Stati Generali della Green Economy 2019: verso il Green New Deal

Stati Generali della Green Economy 2019: verso il Green New Deal

Fonte immagine: Pixabay

Al via il 5 novembre gli Stati Generali della Green Economy 2019, obiettivo di quest'anno tracciare una rotta verso il Green New Deal.

Si svolgeranno il 5 e 6 novembre 2019 a Rimini gli Stati Generali della Green Economy. Martedì mattina prenderanno il via i lavori con la sessione plenaria (ore 10:30 – Sala Neri – Hall Sud); ad aprire i lavori Edo Ronchi, che presenterà le proposte del Consiglio Nazionale della Green Economy e la Relazione 2019 in merito allo stato della Green Economy in Italia. Parteciperanno all’incontro anche il Ministro dell’Economia Roberto Gualtieri, il Ministro dell’Ambiente e della Tutela del Territorio e del Mare Sergio Costa, oltre al Sottosegretario alla Presidenza del Consiglio dei Ministri, Riccardo Fraccaro.

Durante gli Stati Generali della Green Economy si discuterà inoltre della risoluzione votata dal Parlamento UE, che prevede un impegno per gli Stati membri a ridurre del 55% (rispetto ai valori del 1990) le emissioni di gas serra al 2030 (precedente impegno -40%). Ecco che un Green New Deal per l’Italia diventa una stretta necessità, con l’obbligo di un piano pluriennale che preveda misure e obiettivi da raggiungere entro tale data. Un progetto che sappia coniugare la lotta alla crisi ambientale e quella alla bassa crescita dell’economia.

Uno degli incontri più attesi degli Stati Generali della Green Economy sarà appunto quello intitolato “Green New Deal e sfida climatica: obiettivi e percorso al 2030“. Negli spazi di RiminiFiera, in corrispondenza di Ecomondo 2019, si discuterà della necessità di contrastare le emissioni di gas serra mondiali e prevenire i possibili danni legati alla crisi climatica.

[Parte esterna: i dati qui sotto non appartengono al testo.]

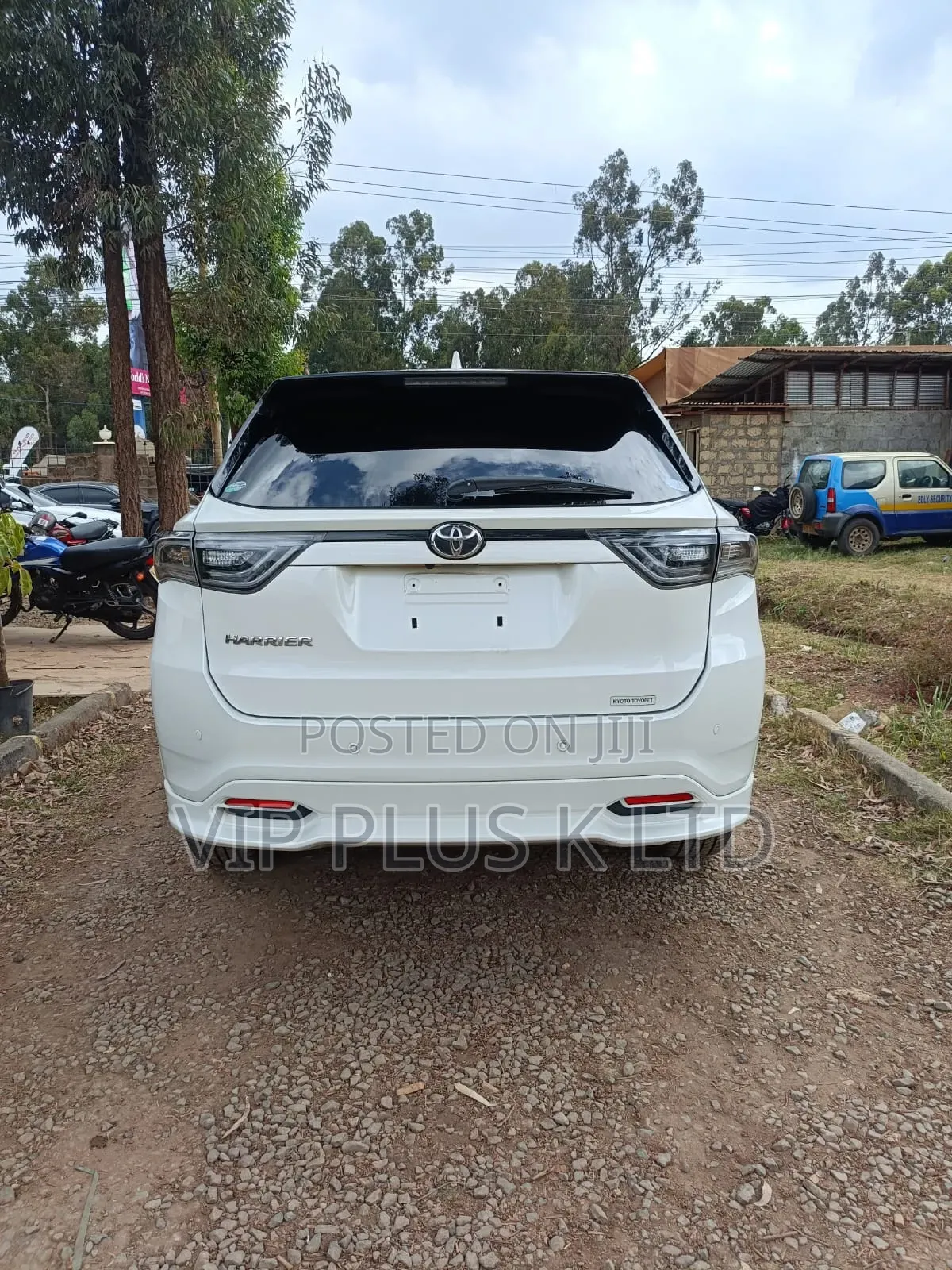 Toyota Harrier 2.0 2016 White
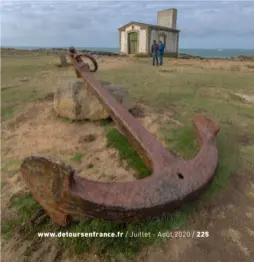  ??  ?? Pointe du But. Cette petite bâtisse abritait jadis une corne de brume. Tout près, se dressait un sémaphore. Une ancre, elle, est restée pour signifier, si besoin, le caractère maritime islais.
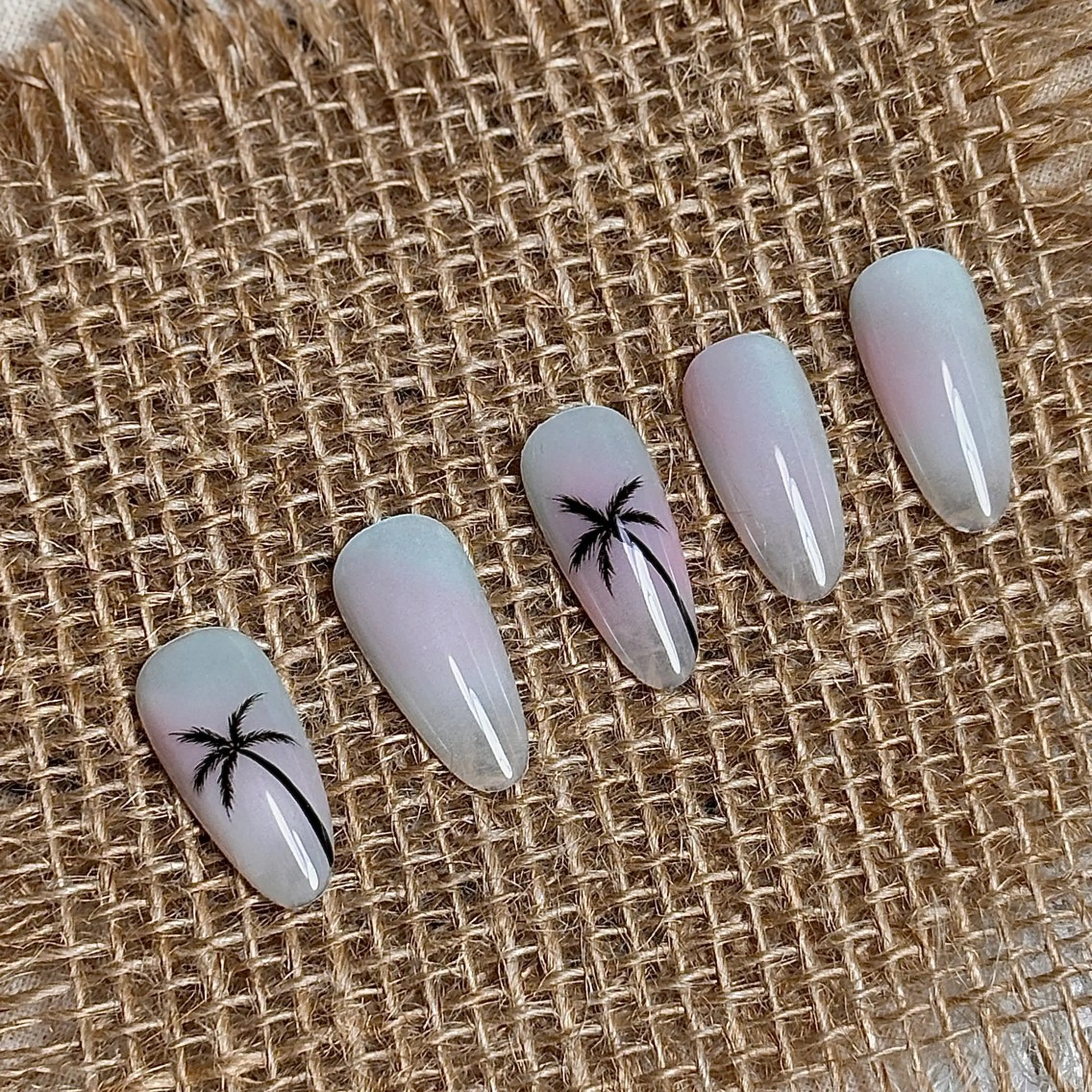 ネイル Elin Maggieのネイルデザイン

Solo in Italia i cambiamenti nel clima mondiale hanno provocato 20mila decessi e pesato sul bilancio dello Stato per circa 65 miliardi di euro (periodo 1980-2017). Ha sottolineato Edo Ronchi, presidente Fondazione per lo Sviluppo Sostenibile:

Le nostre emissioni di gas serra, dopo un periodo di calo, negli ultimi anni non stanno più diminuendo. Nel 2018 sono state pari a 426 milioni di tonnellate equivalenti di CO2, le stesse del 2014. Per rispettare la traiettoria dell’Accordo di Parigi, che richiede di azzerare le emissioni nette al 2050, occorrerebbe entro il 2030 almeno dimezzare quelle del 1990, facendole scendere quindi a circa 260 milioni di tonnellate.

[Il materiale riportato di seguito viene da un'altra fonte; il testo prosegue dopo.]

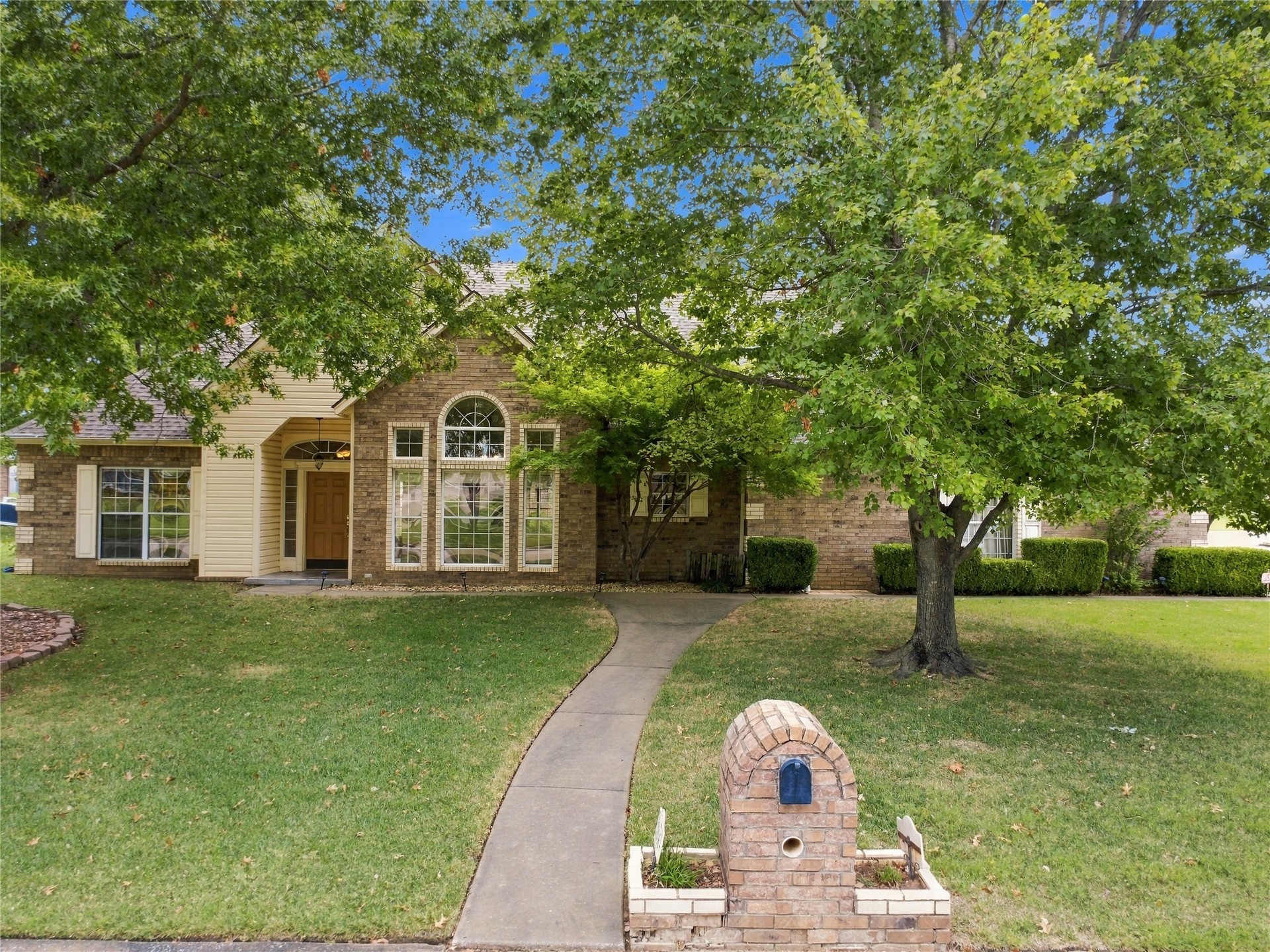 1206 Fairway Street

Con le misure vigenti, tuttavia, secondo ISPRA, le emissioni italiane scenderebbero solo a poco più di 380 milioni di tonnellate al 2030, mancando l’obiettivo di oltre 120 milioni di ton. Agli Stati Generali della Green Economy chiederemo al Governo un ulteriore sforzo per realizzare una politica più incisiva e di attuazione di un Green New Deal al fine di raggiungere gli obiettivi necessari alla sopravvivenza del nostro Pianeta.